■ DATA EXCERPTS

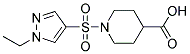 1-(1-ETHYL-1 H-PYRAZOLE-4-SULFONYL)-PIPERIDINE-4-CARBOXYLIC ACID CAS#: 925606-80-0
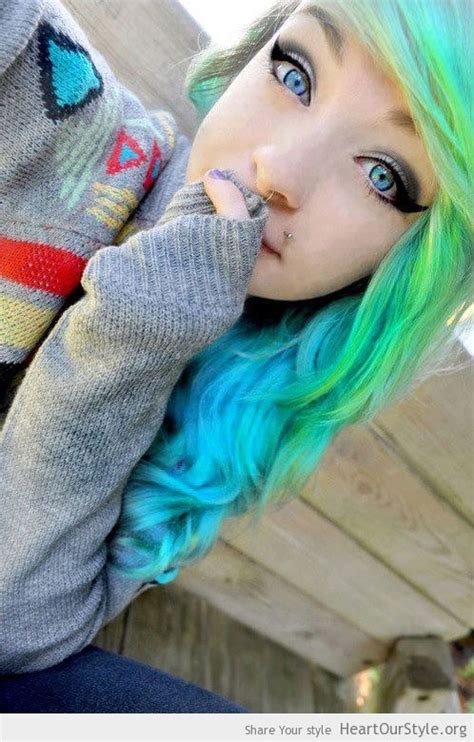 431 best images about fantasy hair colors on pinterest neon hair color neon hair and blue and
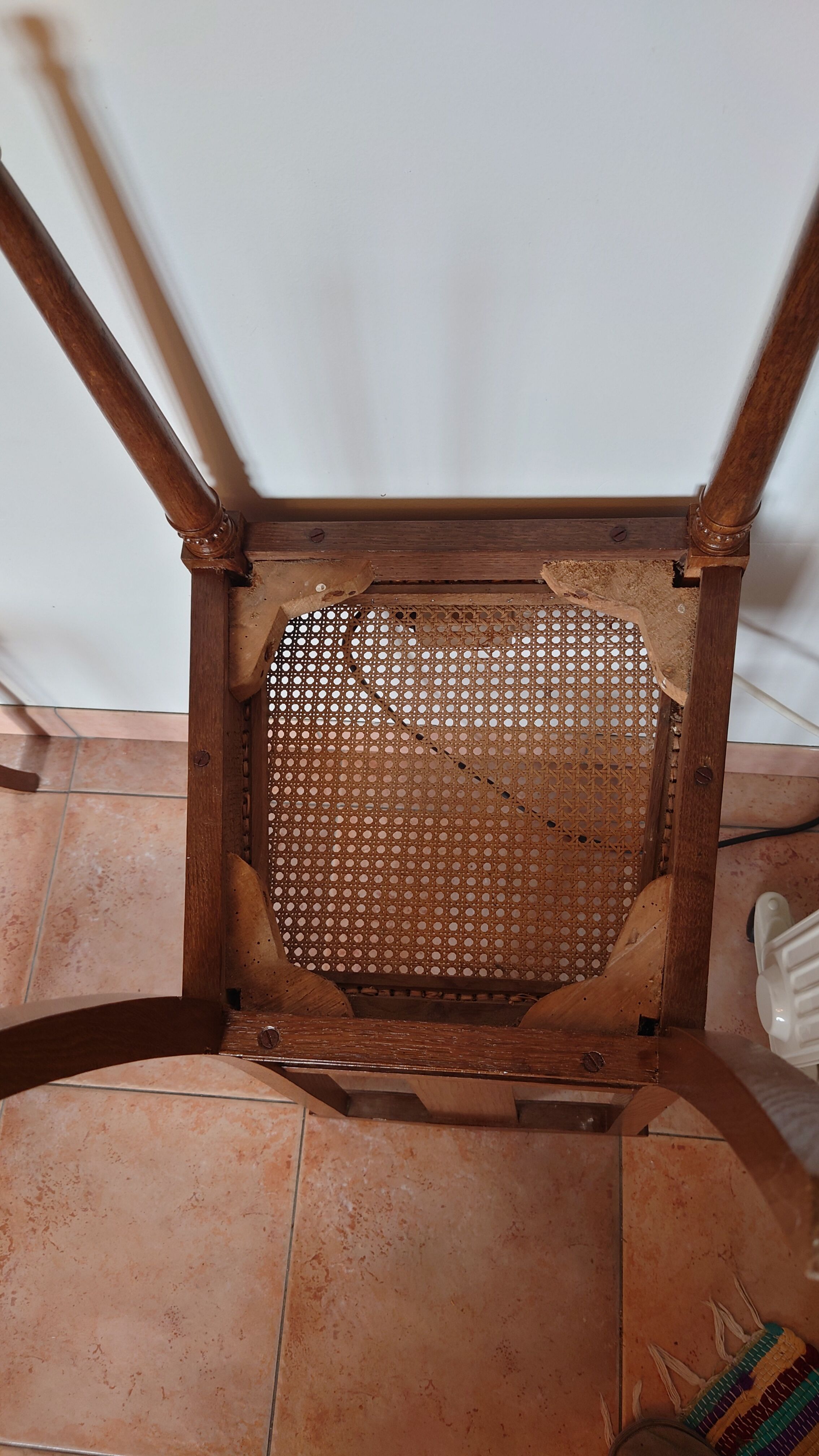 Pair of 1930s chairs, Louis XVI style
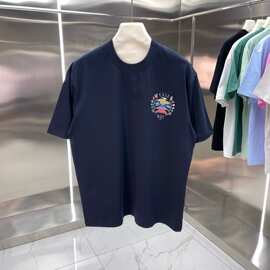 25ss新款卡萨布兰卡短袖跨境外贸夏季新款casa字母logo印花t恤衫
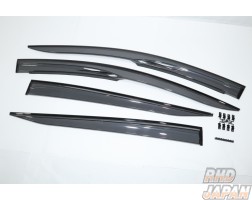 TOM'S Sports Side Visor Set Front & Rear - Prius ZVW50 ZVW51 ZVW55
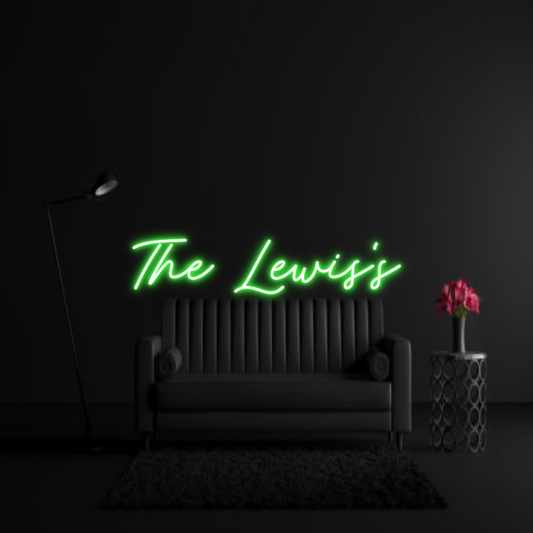 CREATE YOUR OWN WEDDING NEON SIGN The Lewis's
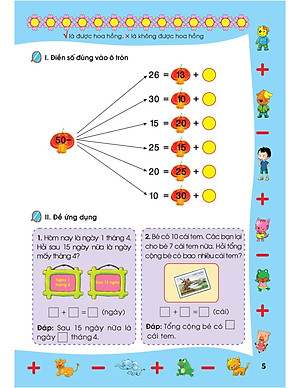 Bé Học Toán - Cộng Trừ Trong Phạm Vi 50 - Sắc Màu Toán Học (Tái Bản)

■ ACTION ITEM
Take the line containing "Pair of 1930s chairs, Louis XVI style" as the first and the last line of the records as the end. Print every line in that span exactly, leaving out pictures.

■ TASK SOLUTION
 Pair of 1930s chairs, Louis XVI style
 25ss新款卡萨布兰卡短袖跨境外贸夏季新款casa字母logo印花t恤衫
 TOM'S Sports Side Visor Set Front & Rear - Prius ZVW50 ZVW51 ZVW55
 CREATE YOUR OWN WEDDING NEON SIGN The Lewis's
 Bé Học Toán - Cộng Trừ Trong Phạm Vi 50 - Sắc Màu Toán Học (Tái Bản)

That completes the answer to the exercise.